## Task description
Using the data below, print exactly the line with "vidaXL Περίγραμμα γκαζόν", the line with "Looking as if", and every line between them, but none of the pictures.

## Source records
# # #

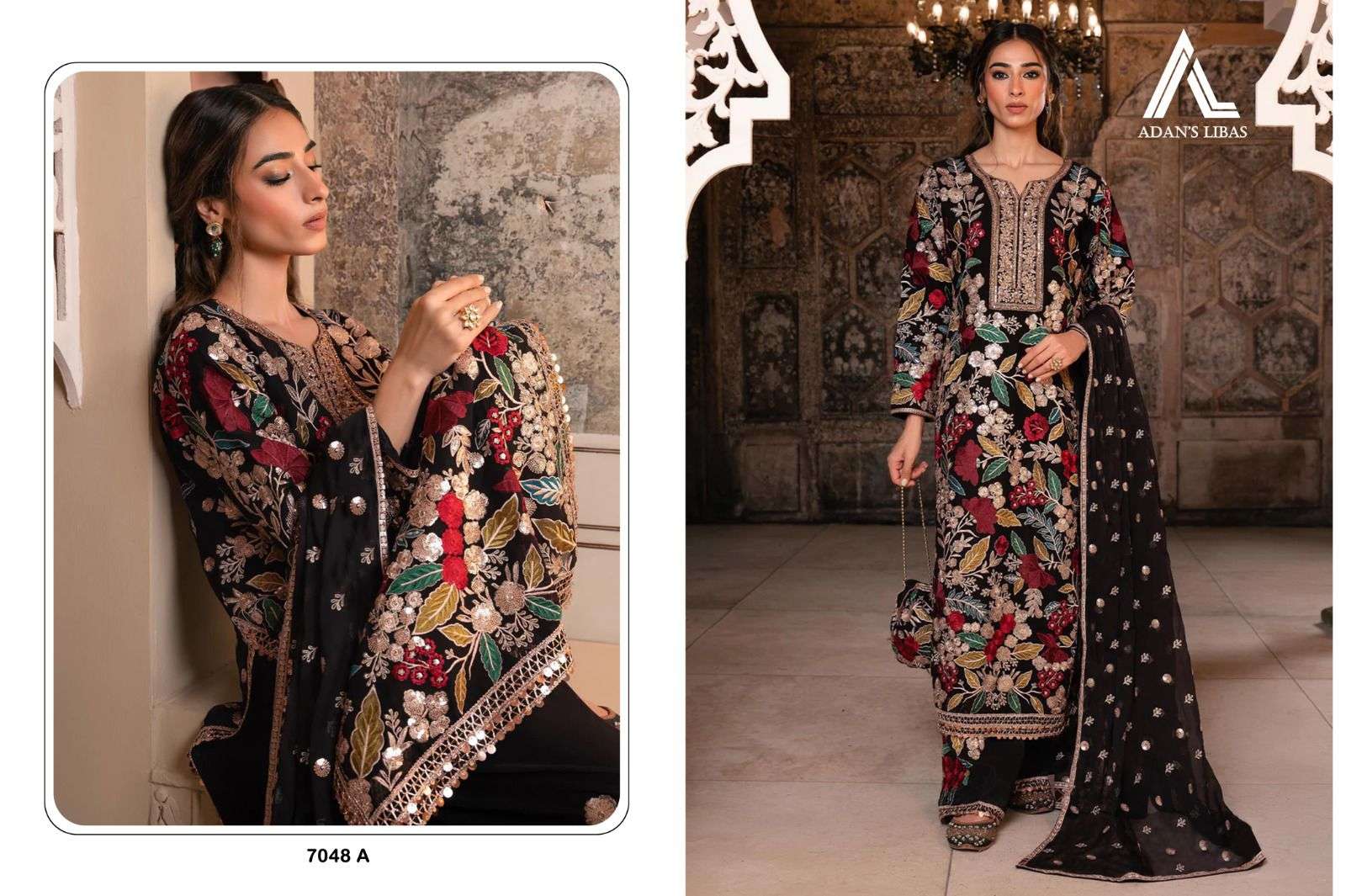 ADAN LIBAS D NO 7048 GEORGETTE EMBROIDERY DESIGNER SUIT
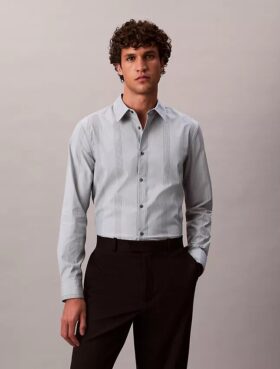 Cămașă slim din bumbac Supima elastic, cu dungi vopsite în fir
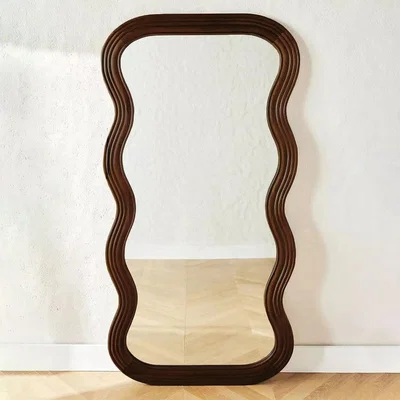 Cult Furniture £20  Off  Ridley Wavy Full Length Mirror, Walnut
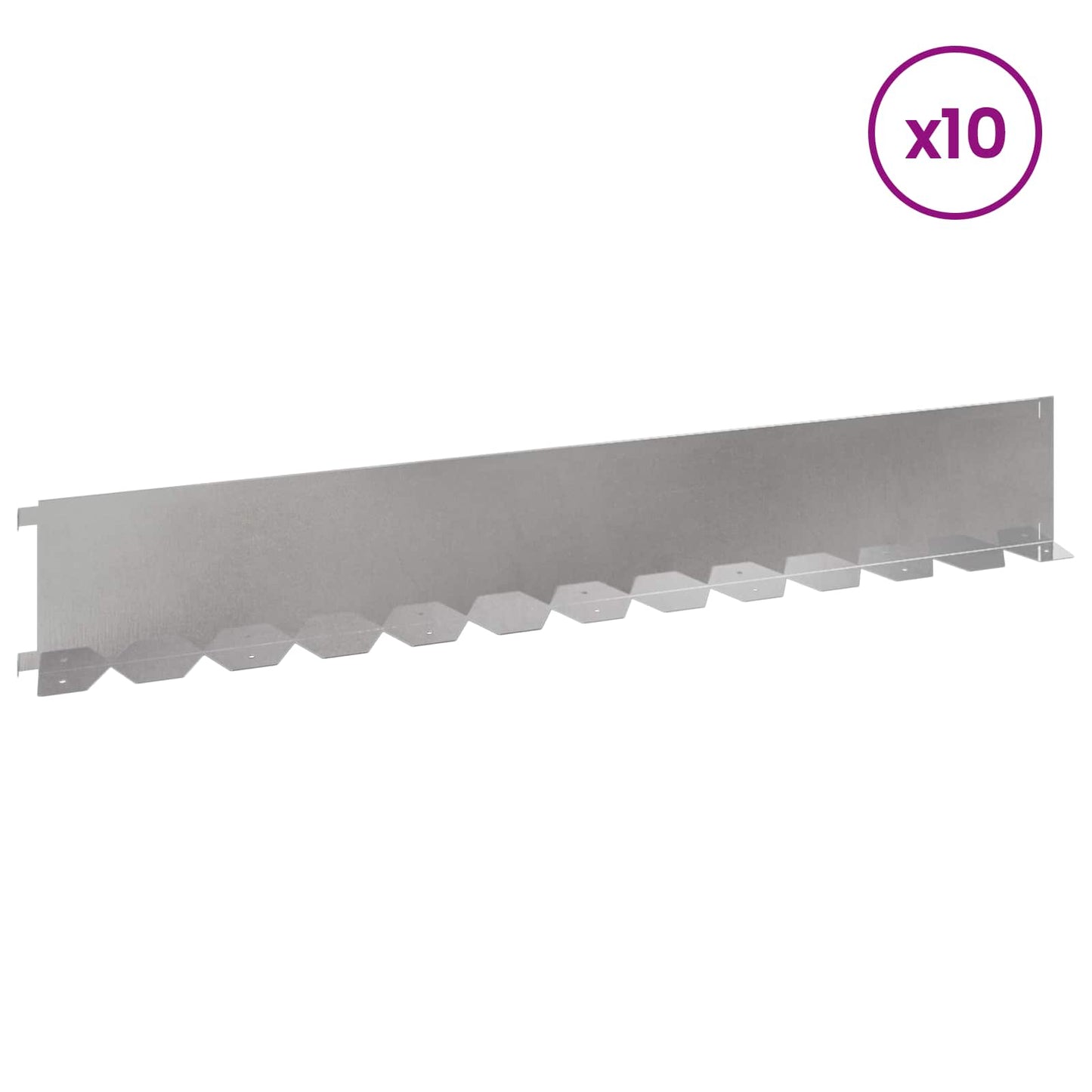 vidaXL Περίγραμμα γκαζόν 10 τμχ. 102 x 15 x 4 εκ. Ατσάλι Ασημί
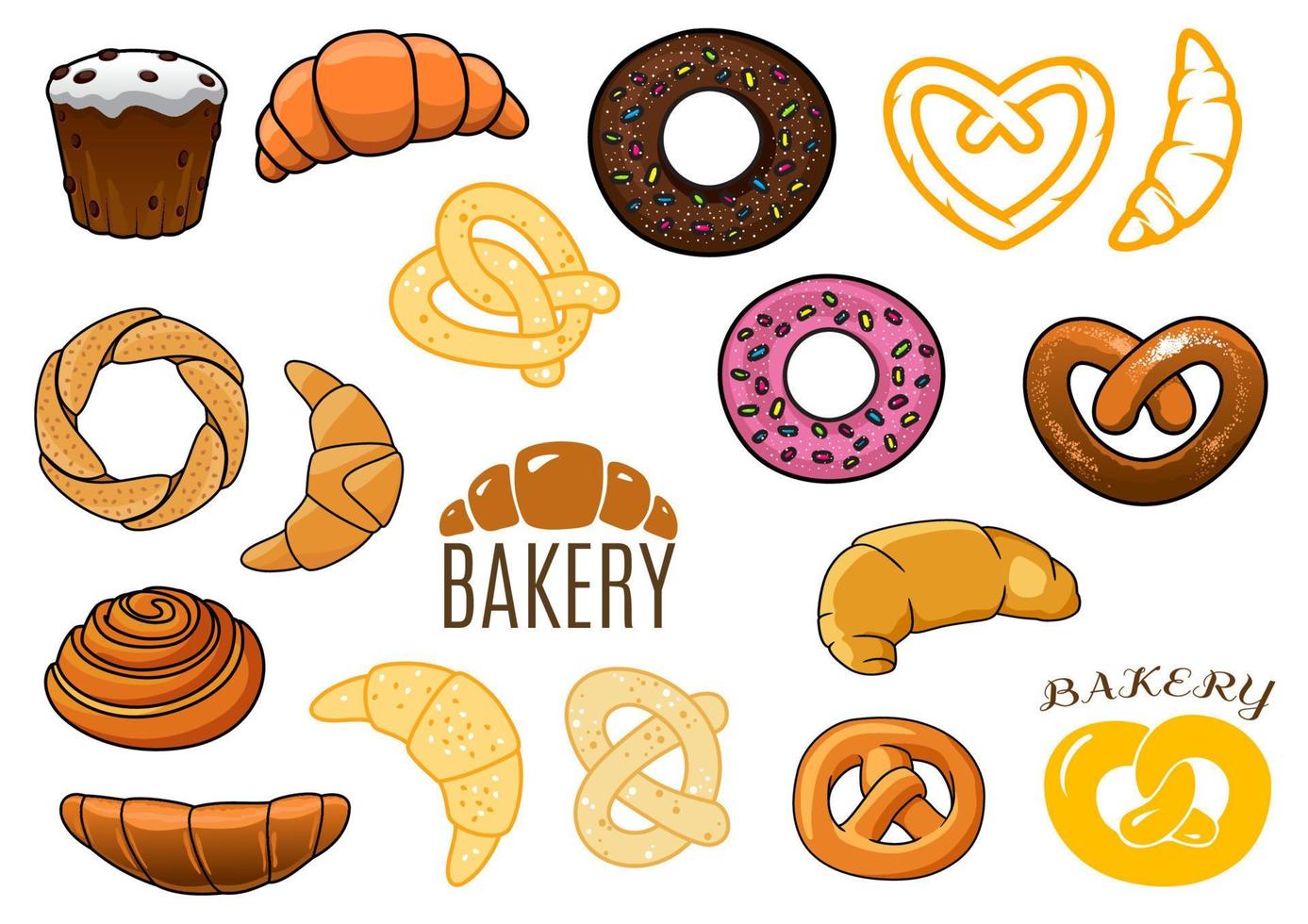 bollos, pasteles, croissants, donuts, pretzels delineados y caricaturizados vector
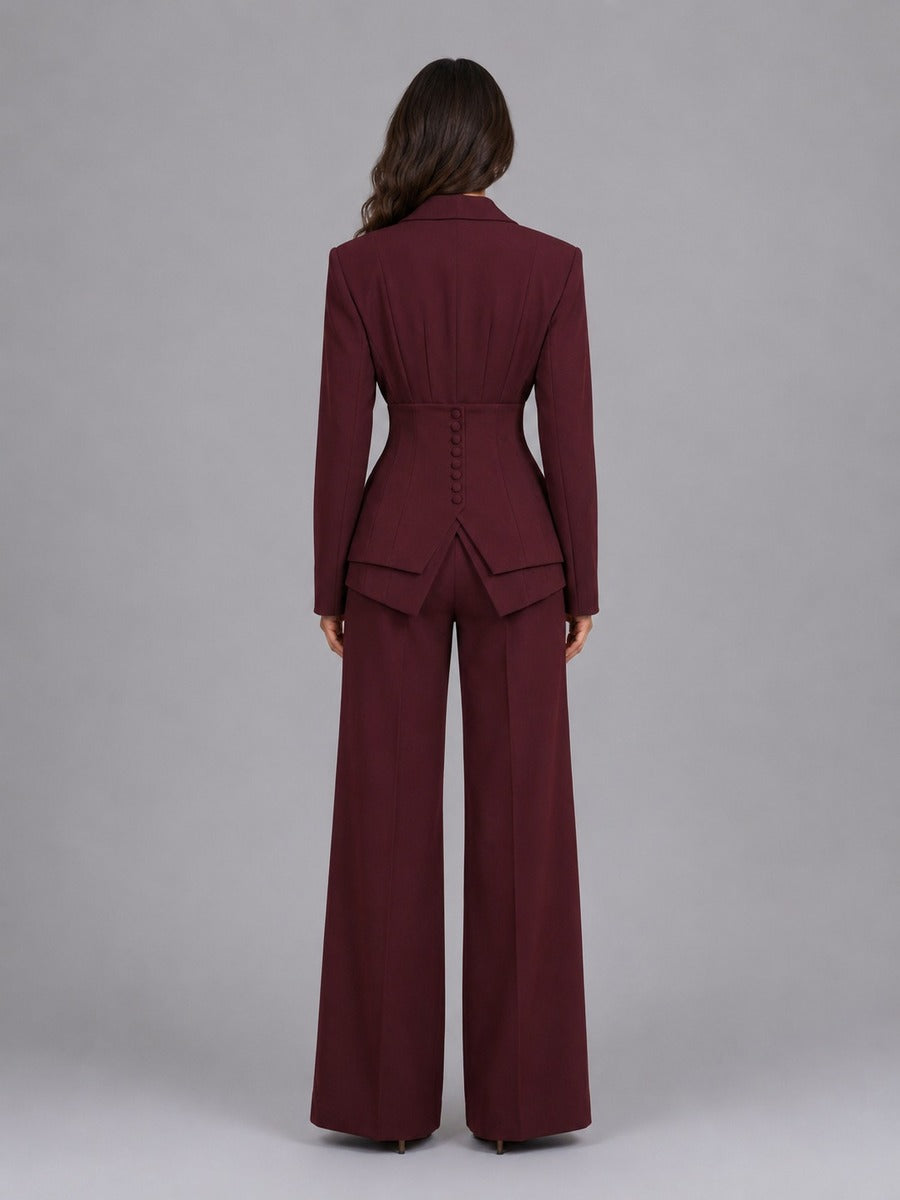 Diana | Cinched-Waist Blazer and Palazzo Pants Set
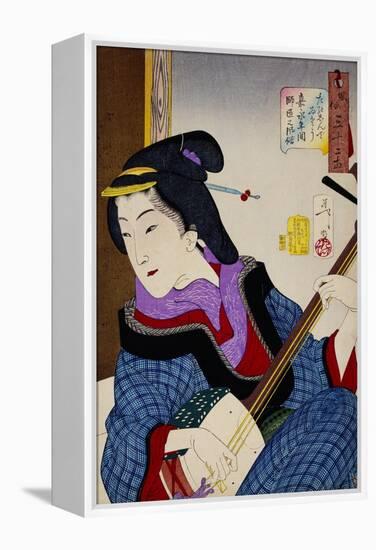 Looking as if She Is Enjoying Herself: The Appearance of a Teacher During the Kaei Period-Taiso Yoshitoshi-Framed Premier Image Canvas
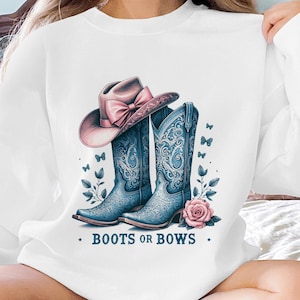 Boots Or Bows Gender Reveal PNG, Retro Cowgirl Cowboy Shower Reveal Party PNG, Western Sublimation, Rodeo Country Design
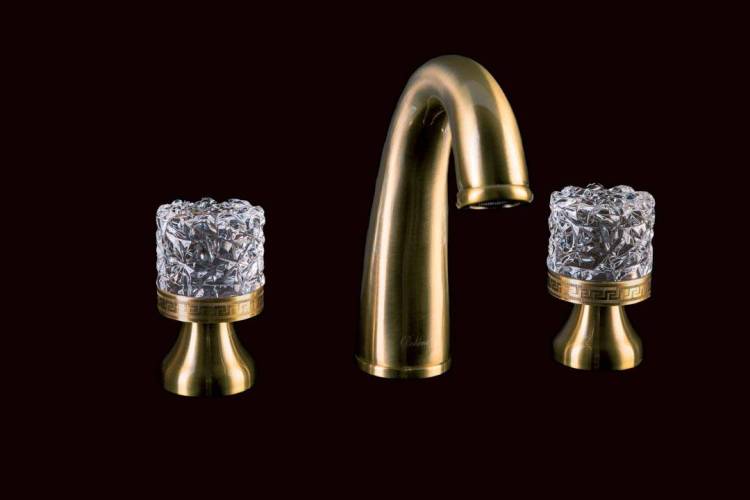 Смеситель для раковины Boheme Crystal 317-CRST на 3 отверстия, бронза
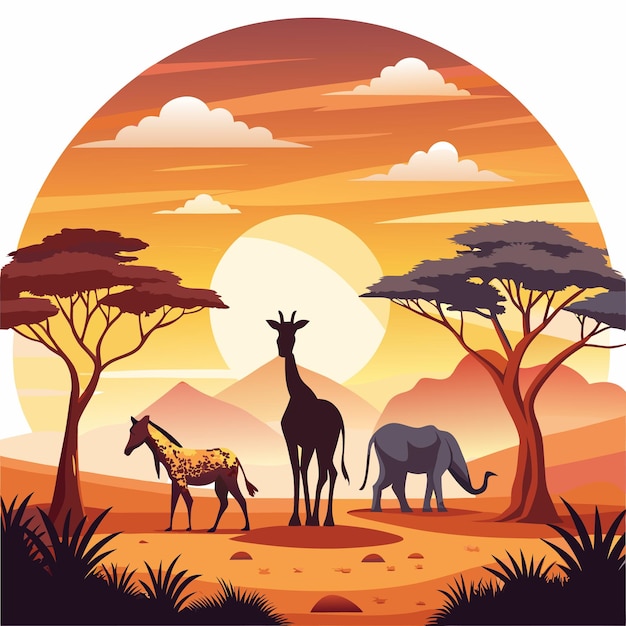 Ein afrikanischer Sonnenuntergang mit Giraffe, Zebra und Elefanten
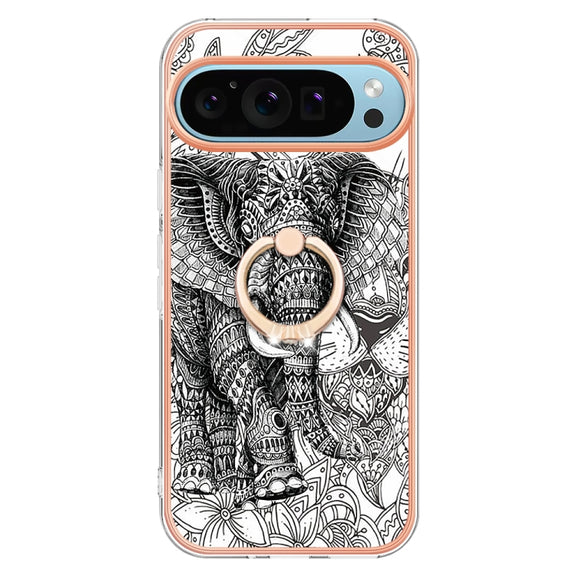For Google Pixel 9 Pro XL Electroplating Dual-side IMD Phone Case with Ring Holder(Totem Elephant)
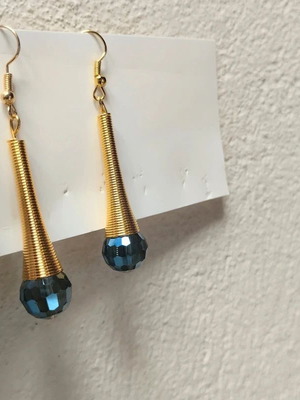 Dangle blue earrings elegant summer style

# # #

## Reply to the exercise
 vidaXL Περίγραμμα γκαζόν 10 τμχ. 102 x 15 x 4 εκ. Ατσάλι Ασημί
 bollos, pasteles, croissants, donuts, pretzels delineados y caricaturizados vector
 Diana | Cinched-Waist Blazer and Palazzo Pants Set
 Looking as if She Is Enjoying Herself: The Appearance of a Teacher During the Kaei Period-Taiso Yoshitoshi-Framed Premier Image Canvas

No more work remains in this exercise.